- Information supplied -

++++++++++

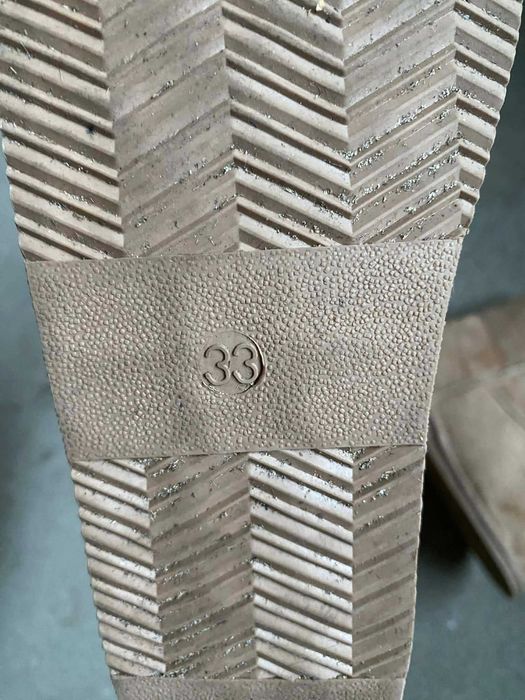 Buty w stylu EMU brązowe rozmiar 33.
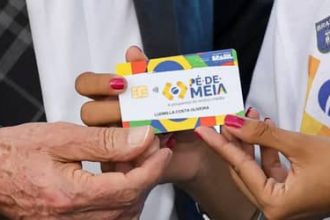 Pé-de-Meia: pagamento para nascidos em março e abril será feito nesta terça-feira (26)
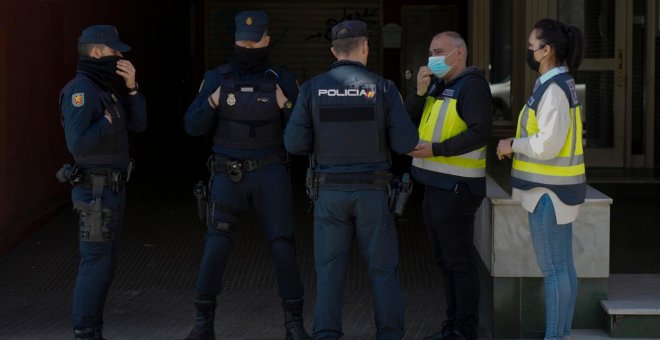 Detienen a 11 personas por contratos irregulares en el Ayuntamiento de Cornellà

++++++++++

- Task statement -
Could you repeat each line above exactly as written? Omit the pictures.

- Task output -
 Buty w stylu EMU brązowe rozmiar 33.
 Pé-de-Meia: pagamento para nascidos em março e abril será feito nesta terça-feira (26)
 Detienen a 11 personas por contratos irregulares en el Ayuntamiento de Cornellà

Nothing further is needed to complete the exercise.